In partnership with internet utility provider Consolidated Communications, LLC., the project is slated to impact 14,436 homes and businesses in 10 Lincoln County communities: Alna, Boothbay, Boothbay Harbor, Dresden, Edgecomb, Nobleboro, Southport, Waldoboro, Whitefield, and Wiscasset, and Woolwich, in Sagadahoc county.
The $6 million grant will supplement $24,309,864 in matching funds from public and private sources, according to the Maine Connectivity Authority.
This match consists of about $21 million pledged by Consolidated Communications and a range of contributions from the county and individual municipalities involved in the project.
There are still contracts to be signed among the major players, Goodkowsky said, including the county, Maine Connectivity Authority, and Consolidated Communications, but the announcement of the grant funding was the last major hurdle standing between the involved communities and fiber broadband, Goodkowsky said.
Goodkowsky said construction is expected to begin in 2025.
“We will do a bigger rollout, and more announcements, soon,” Goodkowsky said. He identified communicating the news about the project and encouraging homeowners to sign up as next steps.
Goodkowsky said the announcement was the culmination of a years-long effort from municipalities, broadband committees, and county planners to bring broadband further throughout the region.
The development will raise property values, he said, and change day-to-day life for those impacted.
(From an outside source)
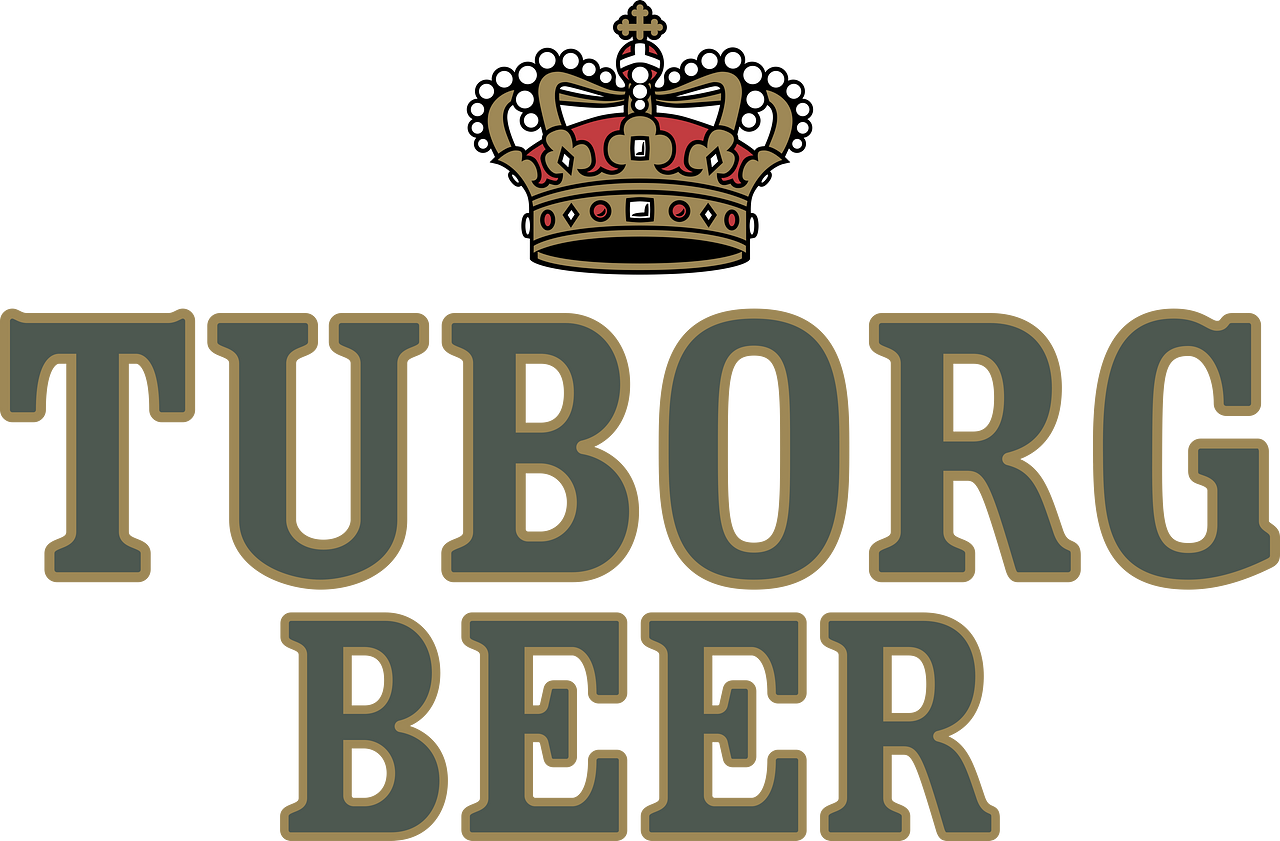 Tuborg Beer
Some historically underserved, rural towns, like Somerville, which is not one of the communities involved in the grant, have opted to construct their own municipal broadband networks in recent years. According to the Somerville Municipal Broadband Board, their work is necessary because utilities like Consolidated Communications have historically declined to provide internet services to their residents.
Construction on Somerville’s municipal broadband network is expected to finish this fall or winter, according to the board.
Goodkowsky said, in his opinion, the county’s collaboration with Consolidated Communications would not pose a threat to municipal broadband services like Somerville’s.
For other Lincoln County communities currently unserved by broadband, Goodkowsky said, the project will have a huge impact.
“Those people have had no options. Some of them have not really been able to take advantage of anything on the internet at all,” he said. “It’s going to change those peoples’ lives, big time.”
(Correction: An earlier version of this article online and on page 1 of the Aug. 15 edition failed to mention the towns of Boothbay Harbor and Southport were among the Lincoln County towns included in the broadband grant award from the Maine Connectivity Authority. The Lincoln County News regrets this error.)